The cost for IVF varies based on the procedure and the required and optional testing. Wheeler says, generally, the cost can range between $10,000 and $15,000 for one cycle. In some cases, one cycle of IVF can result in pregnancy, but it is possible to have to undergo multiple IVF cycles before a successful pregnancy. Costs can also vary by state and the procedure may or may not be covered by employer-provided health insurance. “In Michigan, there is usually very limited coverage for fertility,” Wheeler says. “There are more and more employers that are offering it as a benefit, but, in general, it’s not a requirement for employers in Michigan.” Investigate opportunities that could help offset your financial costs. Certain foundations may provide grants and scholarships that help pay for IVF costs, like the Baby Quest Foundation. Do your homework to determine if they are a good fit for you and your family.

The Persistence 

Most women require more than one cycle of IVF to be successful, but experts say not to get discouraged because many couples achieve success on subsequent IVF cycles. Be sure to ask your doctor the key questions.

What went wrong? You want to have as much information as possible to empower yourself to make decisions about next steps. 

Should the fertility drugs be changed? Your specialist may suggest changing the drugs that were used such as the stimulation medications.

What are my true chances of success? Ask for an honest analysis and for your doctor to be frank with you about your chances of success if you decide to move forward with another cycle. 

Should we consider other options? Discuss other infertility treatment alternatives – including surrogacy or adoption – with your doctor. 

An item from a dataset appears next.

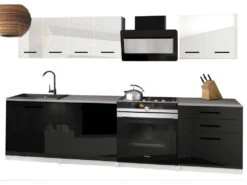 SONITA - Cuisine Complète L180 Cm - Cuisine Droite 6 Pcs - Plan De Travail Inclus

“There is a lot of self-worth and self-value that women place on themselves if they are having difficulty getting pregnant, and so the IVF process, not only is it stressful putting a lot of pressure on their bodies to be able to perform, but also it can be expensive in a lot of cases, which adds to the stress of the procedure.” 

By Any Means

While IVF is the most commonly used assisted reproductive therapy, it’s not the only option. A few popular alternatives or co-therapies include:

Intrauterine insemination (IUI) involves placing sperm directly inside a woman’s uterus to increase the number that reach the fallopian tubes, thus increasing the chance of fertilization. 

Mature oocyte cryopreservation (egg freezing) is a method used to save a woman’s ability to get pregnant in the future. Eggs are harvested from the ovaries and frozen unfertilized for future use.

Gestational carriers (surrogates) bear genetically unrelated children for other women or couples. This process typically starts with IVF, but the egg fertilized is not that of the woman who will – it’s hoped – get pregnant.